Task requirements:
Output only the lines of the entries that follow, starting at the one with "Denim maxi dress" and running down to the one with "Trisa Fine Porcelain", both included and unchanged.

Crawled caption data:
################
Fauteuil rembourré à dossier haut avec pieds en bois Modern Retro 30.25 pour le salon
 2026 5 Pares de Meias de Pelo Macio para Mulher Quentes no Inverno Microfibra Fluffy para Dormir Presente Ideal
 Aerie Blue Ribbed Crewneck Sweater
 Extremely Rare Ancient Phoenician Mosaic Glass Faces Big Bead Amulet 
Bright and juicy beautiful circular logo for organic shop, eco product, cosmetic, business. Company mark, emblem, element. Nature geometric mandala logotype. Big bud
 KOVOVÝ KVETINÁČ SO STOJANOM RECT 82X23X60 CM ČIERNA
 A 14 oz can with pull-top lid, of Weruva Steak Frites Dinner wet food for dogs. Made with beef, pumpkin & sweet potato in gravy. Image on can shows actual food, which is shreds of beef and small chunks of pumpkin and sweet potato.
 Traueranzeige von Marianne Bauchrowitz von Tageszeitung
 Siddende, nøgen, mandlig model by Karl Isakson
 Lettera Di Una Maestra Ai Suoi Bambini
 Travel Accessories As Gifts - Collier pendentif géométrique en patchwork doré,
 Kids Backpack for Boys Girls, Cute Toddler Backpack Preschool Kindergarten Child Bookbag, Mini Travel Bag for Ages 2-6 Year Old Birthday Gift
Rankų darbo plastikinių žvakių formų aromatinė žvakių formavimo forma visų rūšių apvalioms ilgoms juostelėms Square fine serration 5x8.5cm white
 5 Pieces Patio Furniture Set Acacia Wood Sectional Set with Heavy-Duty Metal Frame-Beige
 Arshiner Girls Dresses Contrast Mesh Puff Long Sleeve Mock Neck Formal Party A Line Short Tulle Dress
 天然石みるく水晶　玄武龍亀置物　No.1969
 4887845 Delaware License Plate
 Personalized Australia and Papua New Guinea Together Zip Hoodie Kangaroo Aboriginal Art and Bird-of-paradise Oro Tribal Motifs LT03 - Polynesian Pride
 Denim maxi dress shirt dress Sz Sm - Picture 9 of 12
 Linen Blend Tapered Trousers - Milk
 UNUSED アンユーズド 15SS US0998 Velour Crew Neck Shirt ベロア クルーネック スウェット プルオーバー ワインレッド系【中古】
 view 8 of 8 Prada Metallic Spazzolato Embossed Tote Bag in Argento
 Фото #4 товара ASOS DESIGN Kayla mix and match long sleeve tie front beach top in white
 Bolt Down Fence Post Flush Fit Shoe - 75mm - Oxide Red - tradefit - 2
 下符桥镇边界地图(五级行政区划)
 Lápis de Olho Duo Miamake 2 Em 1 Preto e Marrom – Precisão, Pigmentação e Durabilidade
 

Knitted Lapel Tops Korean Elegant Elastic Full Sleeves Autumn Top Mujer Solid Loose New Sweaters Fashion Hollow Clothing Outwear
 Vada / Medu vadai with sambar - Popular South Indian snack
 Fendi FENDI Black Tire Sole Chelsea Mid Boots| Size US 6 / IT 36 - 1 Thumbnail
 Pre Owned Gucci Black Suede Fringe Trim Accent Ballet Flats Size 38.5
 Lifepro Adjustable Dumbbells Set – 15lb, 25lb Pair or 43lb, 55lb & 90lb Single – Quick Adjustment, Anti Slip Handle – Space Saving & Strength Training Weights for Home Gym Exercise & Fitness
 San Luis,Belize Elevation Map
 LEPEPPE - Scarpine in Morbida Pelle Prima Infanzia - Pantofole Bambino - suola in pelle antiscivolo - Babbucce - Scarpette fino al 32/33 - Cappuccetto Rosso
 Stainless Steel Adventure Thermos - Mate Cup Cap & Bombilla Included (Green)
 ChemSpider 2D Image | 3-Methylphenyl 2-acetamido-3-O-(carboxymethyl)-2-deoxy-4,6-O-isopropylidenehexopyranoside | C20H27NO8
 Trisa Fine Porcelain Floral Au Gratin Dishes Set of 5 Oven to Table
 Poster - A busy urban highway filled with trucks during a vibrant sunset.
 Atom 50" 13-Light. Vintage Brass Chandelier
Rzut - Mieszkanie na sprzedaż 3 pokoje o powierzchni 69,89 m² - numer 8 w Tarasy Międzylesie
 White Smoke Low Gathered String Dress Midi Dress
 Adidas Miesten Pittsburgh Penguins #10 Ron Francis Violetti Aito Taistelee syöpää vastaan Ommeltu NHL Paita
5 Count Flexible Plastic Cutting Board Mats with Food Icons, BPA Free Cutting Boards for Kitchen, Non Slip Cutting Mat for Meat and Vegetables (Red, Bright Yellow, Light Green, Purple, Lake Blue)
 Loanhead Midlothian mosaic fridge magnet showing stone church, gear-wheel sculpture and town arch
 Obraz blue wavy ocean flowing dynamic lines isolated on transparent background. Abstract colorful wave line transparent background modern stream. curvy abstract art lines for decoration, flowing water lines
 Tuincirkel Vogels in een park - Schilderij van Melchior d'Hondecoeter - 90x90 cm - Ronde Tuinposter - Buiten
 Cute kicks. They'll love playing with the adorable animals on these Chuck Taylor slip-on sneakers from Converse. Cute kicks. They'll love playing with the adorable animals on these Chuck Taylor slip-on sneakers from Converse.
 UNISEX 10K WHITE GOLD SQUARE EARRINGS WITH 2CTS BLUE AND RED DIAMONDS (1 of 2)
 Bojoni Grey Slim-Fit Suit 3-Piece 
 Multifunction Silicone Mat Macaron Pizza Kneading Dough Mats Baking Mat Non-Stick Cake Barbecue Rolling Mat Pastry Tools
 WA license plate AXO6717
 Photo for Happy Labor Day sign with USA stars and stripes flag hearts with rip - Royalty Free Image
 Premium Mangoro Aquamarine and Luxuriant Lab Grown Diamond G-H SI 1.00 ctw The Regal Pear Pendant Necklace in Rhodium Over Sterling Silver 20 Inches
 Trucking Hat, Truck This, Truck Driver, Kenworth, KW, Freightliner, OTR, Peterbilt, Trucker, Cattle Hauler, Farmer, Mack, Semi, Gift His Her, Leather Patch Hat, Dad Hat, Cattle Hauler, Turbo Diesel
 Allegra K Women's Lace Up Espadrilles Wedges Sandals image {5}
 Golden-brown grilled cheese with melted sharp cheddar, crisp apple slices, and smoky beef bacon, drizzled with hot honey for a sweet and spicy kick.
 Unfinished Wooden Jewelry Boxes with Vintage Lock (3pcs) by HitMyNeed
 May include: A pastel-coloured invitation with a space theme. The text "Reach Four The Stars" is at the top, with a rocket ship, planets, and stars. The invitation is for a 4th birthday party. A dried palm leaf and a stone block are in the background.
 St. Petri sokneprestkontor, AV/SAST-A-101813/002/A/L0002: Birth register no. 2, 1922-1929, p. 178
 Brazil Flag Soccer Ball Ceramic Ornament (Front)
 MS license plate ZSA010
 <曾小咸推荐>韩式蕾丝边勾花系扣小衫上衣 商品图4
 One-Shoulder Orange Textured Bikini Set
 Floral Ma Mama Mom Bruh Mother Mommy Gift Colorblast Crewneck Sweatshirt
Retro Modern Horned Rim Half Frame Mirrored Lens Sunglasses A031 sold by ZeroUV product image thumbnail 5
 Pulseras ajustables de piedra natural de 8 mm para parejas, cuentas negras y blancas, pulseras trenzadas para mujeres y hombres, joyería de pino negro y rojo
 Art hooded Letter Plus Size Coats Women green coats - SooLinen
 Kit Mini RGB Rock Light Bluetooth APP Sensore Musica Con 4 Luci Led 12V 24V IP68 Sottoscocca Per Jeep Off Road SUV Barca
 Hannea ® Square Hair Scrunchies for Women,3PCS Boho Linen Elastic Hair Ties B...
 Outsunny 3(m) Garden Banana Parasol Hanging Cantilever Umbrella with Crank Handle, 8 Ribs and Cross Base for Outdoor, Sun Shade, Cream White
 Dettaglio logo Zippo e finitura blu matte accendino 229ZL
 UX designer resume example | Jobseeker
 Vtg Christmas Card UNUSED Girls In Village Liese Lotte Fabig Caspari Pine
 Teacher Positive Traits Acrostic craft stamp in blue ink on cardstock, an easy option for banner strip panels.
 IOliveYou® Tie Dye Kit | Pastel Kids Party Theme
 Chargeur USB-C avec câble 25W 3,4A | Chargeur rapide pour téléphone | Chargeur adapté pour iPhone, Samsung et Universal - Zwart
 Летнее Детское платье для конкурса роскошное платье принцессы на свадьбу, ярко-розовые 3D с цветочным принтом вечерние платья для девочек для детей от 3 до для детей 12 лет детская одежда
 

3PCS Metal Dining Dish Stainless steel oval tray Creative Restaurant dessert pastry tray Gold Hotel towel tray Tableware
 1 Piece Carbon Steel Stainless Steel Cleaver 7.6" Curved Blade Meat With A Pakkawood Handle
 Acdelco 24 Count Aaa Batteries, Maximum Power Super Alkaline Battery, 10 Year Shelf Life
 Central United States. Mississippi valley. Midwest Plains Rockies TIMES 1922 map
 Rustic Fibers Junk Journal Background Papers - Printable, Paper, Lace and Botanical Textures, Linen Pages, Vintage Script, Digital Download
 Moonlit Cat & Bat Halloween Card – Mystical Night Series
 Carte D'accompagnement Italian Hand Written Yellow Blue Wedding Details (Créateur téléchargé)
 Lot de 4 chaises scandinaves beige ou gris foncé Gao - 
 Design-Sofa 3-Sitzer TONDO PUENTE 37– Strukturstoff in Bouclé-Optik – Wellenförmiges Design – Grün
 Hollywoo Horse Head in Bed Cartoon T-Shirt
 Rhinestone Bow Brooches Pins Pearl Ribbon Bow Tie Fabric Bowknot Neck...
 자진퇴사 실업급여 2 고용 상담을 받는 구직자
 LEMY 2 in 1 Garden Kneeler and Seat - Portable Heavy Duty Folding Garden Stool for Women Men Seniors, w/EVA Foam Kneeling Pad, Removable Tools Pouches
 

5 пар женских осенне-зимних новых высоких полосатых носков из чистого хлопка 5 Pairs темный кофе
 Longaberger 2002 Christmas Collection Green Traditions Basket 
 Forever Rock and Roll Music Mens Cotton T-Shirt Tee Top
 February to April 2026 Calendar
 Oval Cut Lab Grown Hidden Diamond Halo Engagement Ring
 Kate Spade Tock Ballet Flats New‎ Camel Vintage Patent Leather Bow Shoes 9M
################
Answer to this task:
 Denim maxi dress shirt dress Sz Sm - Picture 9 of 12
 Linen Blend Tapered Trousers - Milk
 UNUSED アンユーズド 15SS US0998 Velour Crew Neck Shirt ベロア クルーネック スウェット プルオーバー ワインレッド系【中古】
 view 8 of 8 Prada Metallic Spazzolato Embossed Tote Bag in Argento
 Фото #4 товара ASOS DESIGN Kayla mix and match long sleeve tie front beach top in white
 Bolt Down Fence Post Flush Fit Shoe - 75mm - Oxide Red - tradefit - 2
 下符桥镇边界地图(五级行政区划)
 Lápis de Olho Duo Miamake 2 Em 1 Preto e Marrom – Precisão, Pigmentação e Durabilidade
 

Knitted Lapel Tops Korean Elegant Elastic Full Sleeves Autumn Top Mujer Solid Loose New Sweaters Fashion Hollow Clothing Outwear
 Vada / Medu vadai with sambar - Popular South Indian snack
 Fendi FENDI Black Tire Sole Chelsea Mid Boots| Size US 6 / IT 36 - 1 Thumbnail
 Pre Owned Gucci Black Suede Fringe Trim Accent Ballet Flats Size 38.5
 Lifepro Adjustable Dumbbells Set – 15lb, 25lb Pair or 43lb, 55lb & 90lb Single – Quick Adjustment, Anti Slip Handle – Space Saving & Strength Training Weights for Home Gym Exercise & Fitness
 San Luis,Belize Elevation Map
 LEPEPPE - Scarpine in Morbida Pelle Prima Infanzia - Pantofole Bambino - suola in pelle antiscivolo - Babbucce - Scarpette fino al 32/33 - Cappuccetto Rosso
 Stainless Steel Adventure Thermos - Mate Cup Cap & Bombilla Included (Green)
 ChemSpider 2D Image | 3-Methylphenyl 2-acetamido-3-O-(carboxymethyl)-2-deoxy-4,6-O-isopropylidenehexopyranoside | C20H27NO8
 Trisa Fine Porcelain Floral Au Gratin Dishes Set of 5 Oven to Table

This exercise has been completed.